— Exercise directions —
The whole listing, please: repeat it exactly, with the pictures left out.

— Given information —
☆ ☆ ☆ ☆ ☆ ☆ ☆
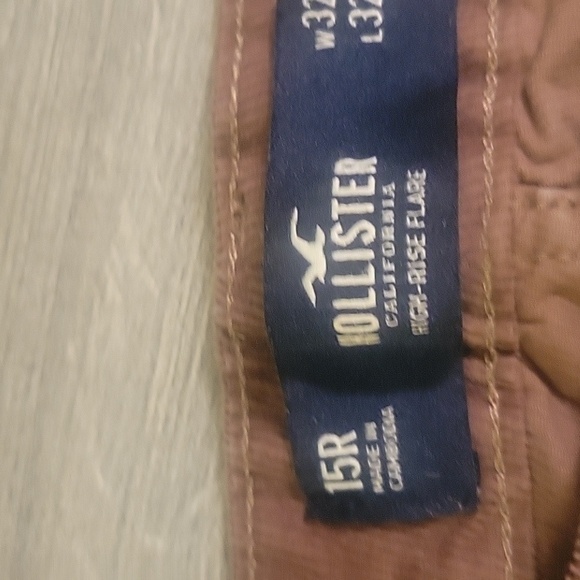 Hollister brown flare wide bell bottom high rise stretch corduroy pants, size 15 - Picture 6 of 6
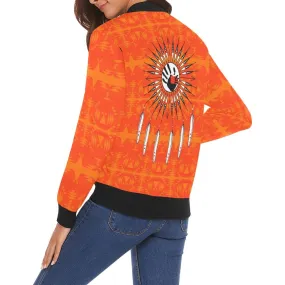 Between the Mountains Orange Feather Directions Bomber Jacket for Women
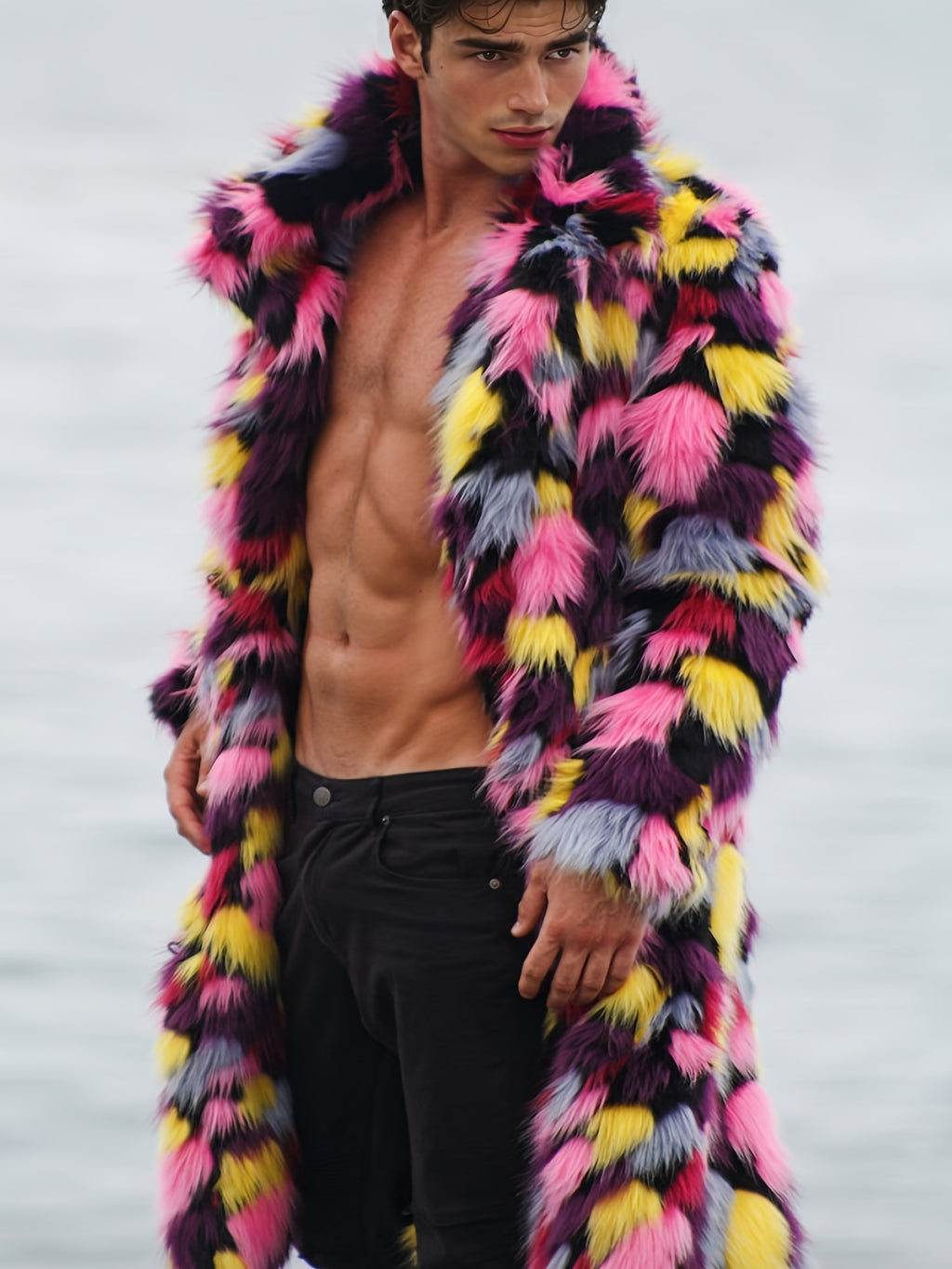 Manteau en fausse fourrure pour homme, grandes tailles, à revers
☆ ☆ ☆ ☆ ☆ ☆ ☆
— Response area —
 Hollister brown flare wide bell bottom high rise stretch corduroy pants, size 15 - Picture 6 of 6
 Between the Mountains Orange Feather Directions Bomber Jacket for Women
 Manteau en fausse fourrure pour homme, grandes tailles, à revers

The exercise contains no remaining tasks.